1,2- There's a lot to unpack in the first; I feel the "you’ve made it look good once, you can’t ever go back," but that's in direct conflict with something more complex.  Which brings me to the second: this is exactly how I feel about binders and bras.  They constantly and equally remind me that something is wrong with my chest that needs to be fixed, one way or another.  I feel more comfortable with my appearance when binding, but I feel more comfortable with myself when there's nothing around my chest at all.  The problem is that binding breaks down tissue, and feeling skin-on-skin triggers dysphoria in its own right.  I'm not certain I experience this because I bind enough to cause tissue damage or because my chest naturally changes size/elasticity throughout the month, but I definitely don't want to do anything to make it worse, because then I'd be even more dependent on some external thing (the binder, in this case) to able to function.  I hate that the most comfortable way for me to present myself is inherently at odds with another sense of comfort with my body.

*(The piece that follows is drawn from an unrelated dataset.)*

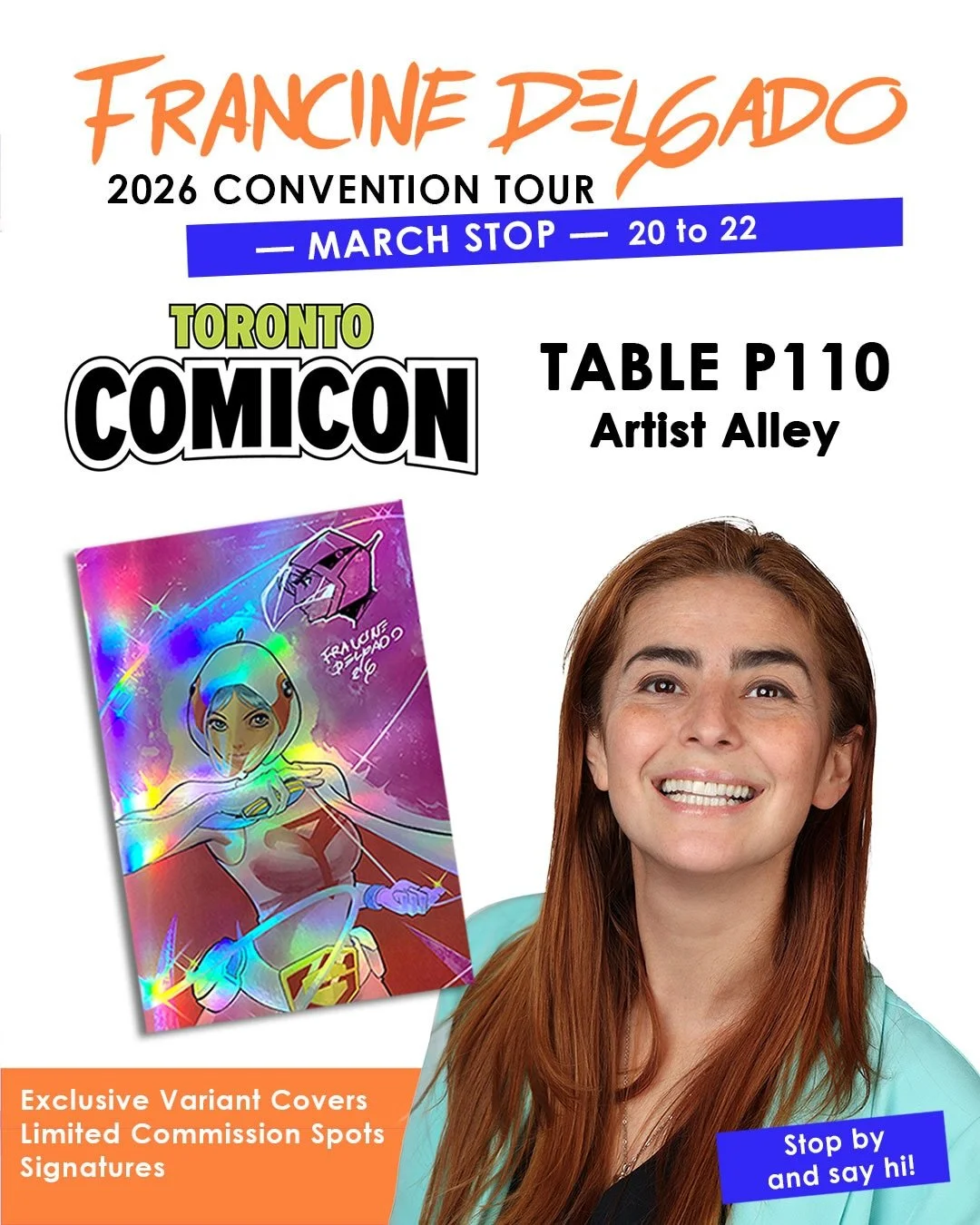Toronto, I&rsquo;m coming back! 🇨🇦✨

3- Oh, I remember that time.  I attended a small private school until seventh grade, and out of the forty students in my fifth grade class, only five were female (but every other grade in the school was gender balanced).  One day in the after-school program I was in with three of the girls, the two who had already hit puberty decided it was their duty to sit down with the other two of us and tell us what to expect.  While I appreciated that they wanted to give us some warning about changes they'd experienced without that courtesy, I was completely horrified.  I hadn't realized until then how little time I had left to be a boy.  Even though I'd always hated sports, I developed a sudden interest in all of them because I knew I only had a couple years left before I wouldn't be able to do it at all.  In sixth grade, I even won an award from the phys. ed. department for "most improvement," which elicited laughter at the awards ceremony.  I really feel I took advantage of all the time I had between then and puberty, but I still desperately wish I'd had longer.  I started wearing training bras early on because we had to change in a locker room for gym class, and I didn't want to be the only kid not wearing one.  Because of that, I didn't really notice when my chest started growing.  I guess for me the point when all hope was lost was when I was thirteen and my mom told me that my sports bras were too small and wanted me to wear real ones.

*sigh*  That ended up being more depressing than I'd hoped.  Anyway, back to proofreading my personal statements.  Happy New Year to anyone who's reading this!